The Phillies thought enough of C.J. Henry that they wanted him included in the Bobby Abreu deal with the Yankees and the Yankees thought enough of him that they weren't enamored at the thought of including him. In the end, Henry came to the Phillies and has worked to fit his way into the organization. This season though, he's going to be adjusting to another change when he moves to third base. The move started in the Florida Instructional League and the Phillies believe that it may help Henry to find a spot where he'll fit better defensively and possibly find a new home.
One of the biggest question marks surrounding Henry is where his power has gone. The Yankees thought he would develop into a power hitter and in fact, just a year ago, PinstripesPlus.com listed Henry as the third best power prospect in the Yankees' organization.
C.J. Henry's career stats
|'05 GCL Yankees||3||17||.249||48||181||32||45||9||3||17||17||39||.333|
|'06 Charleston (A)||2||33||.240||77||275||35||66||19||3||14||32||86||.330|
Acquired: Drafted by the Yankees in the first round (17th overall pick) of the 2005 Draft.
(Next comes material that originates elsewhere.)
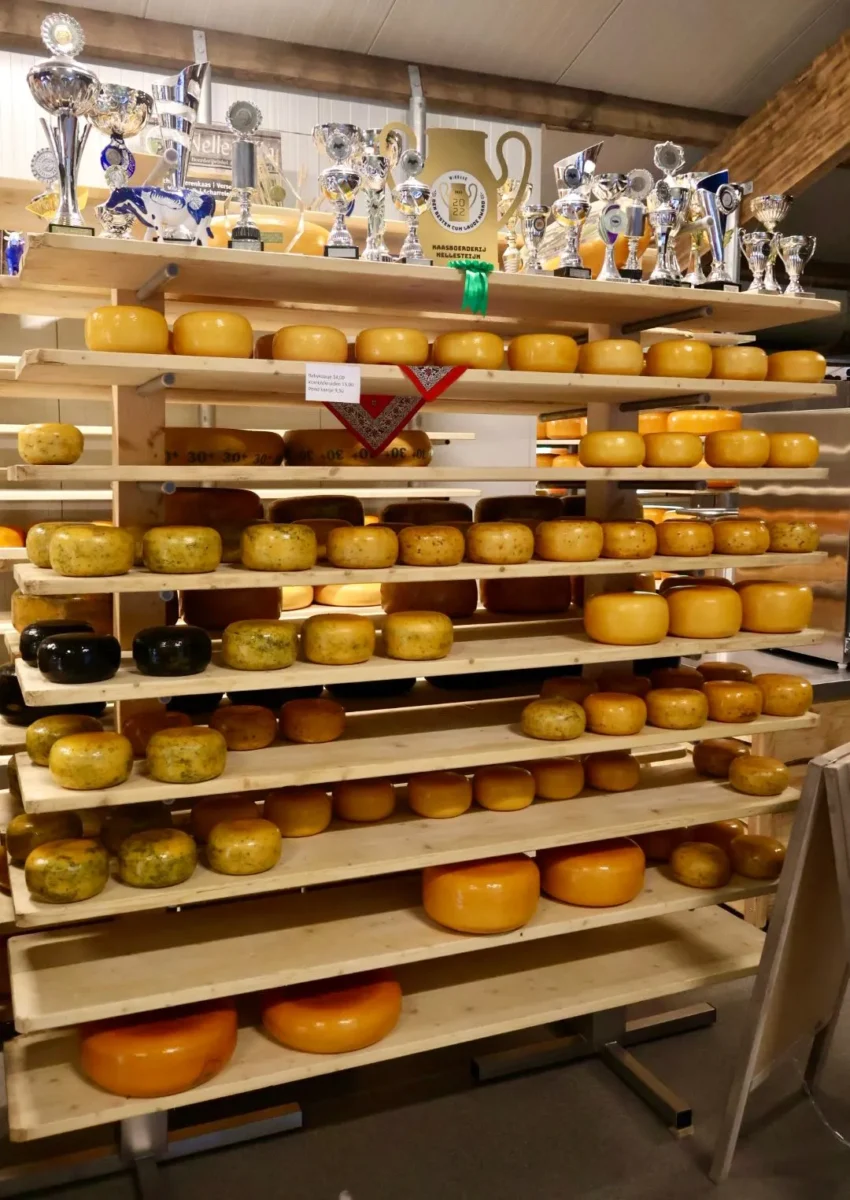 Boerderij Nellesteijn kaas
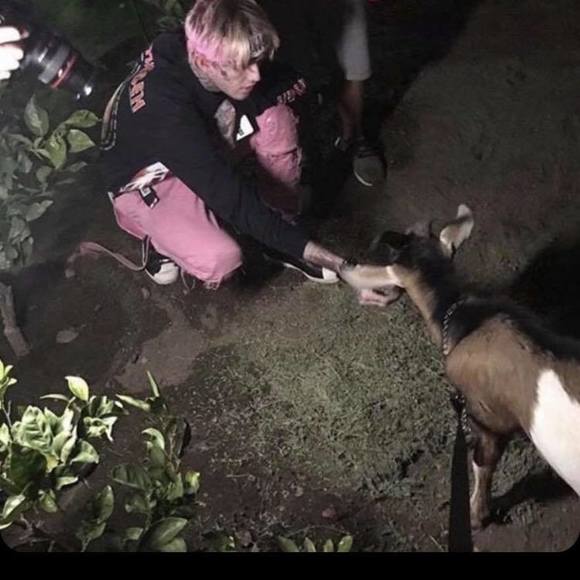 Meet your Posher, Layla - Picture 1 of 1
Was traded to the Phillies along with Carlos Monasterios, Jesus Sanchez and Matt Smith for Bobby Abreu and Cory Lidle.
Batting and Power: As mentioned, Henry is supposed to be a power-hitting infielder, but hasn't shown the power that has been expected of him. "Henry has the power potential to be an annual 20+ home run hitter at the minor league level and his power potential at the Major League level has many scouts comparing him to many of the elite players in the game," wrote PinstripesPlus.com in March of last year. One concern is that Henry hasn't developed the muscle mass that many thought he would and is still sort of lanky at 6' 3" and 205 pounds. Otherwise, Henry has been average at the plate and the Phillies worked with him on improving his plate discipline and knowledge of the strike zone. He can do much better in most facets of his offense.
Baserunning and Speed: Henry has impressive speed and the potential to steal 30 or more bases per season. The only thing holding him back is that he hasn't gotten on base enough to take advantage of his speed. His 80% success rate in stolen bases is a testament to both his natural speed and his knowledge on how to steal bases, something that a lot of young players simply don't get.
Defense: Ouch! Henry was barely able to handle himself at shortstop and lacks the range and instincts to play at short. Moving him out of the position was pretty much a necessity and the Phillies are hoping that he can handle the duties at third base. His reactions are just average and he'll need to improve on his mechanics to put himself in a better position to make plays from third base. It's not out of the question that the Phillies could consider yet another move to the outfield at some point down the road. They would like to keep him on the infield, but it remains to be seen how patient they'll be with that plan.
Projection: The jury really is still out on C.J. Henry. There is a lot to work on, but keep in mind that the Yankees drafted him out of high school and he is still just 20 years old. As a young player, he's had a lot of adjustments to make and a lot of things to adapt to and it takes some young players some time to simply fit in and find themselves. Don't give up on this kid just yet. It's going to be interesting to see whether the Phillies push him along to Clearwater or keep him at Lakewood, but it's likely that he'll start out at Clearwater. Look for Henry to start to show that he was a big part of the Bobby Abreu deal and that both the Yankees and Phillies weren't wrong about him.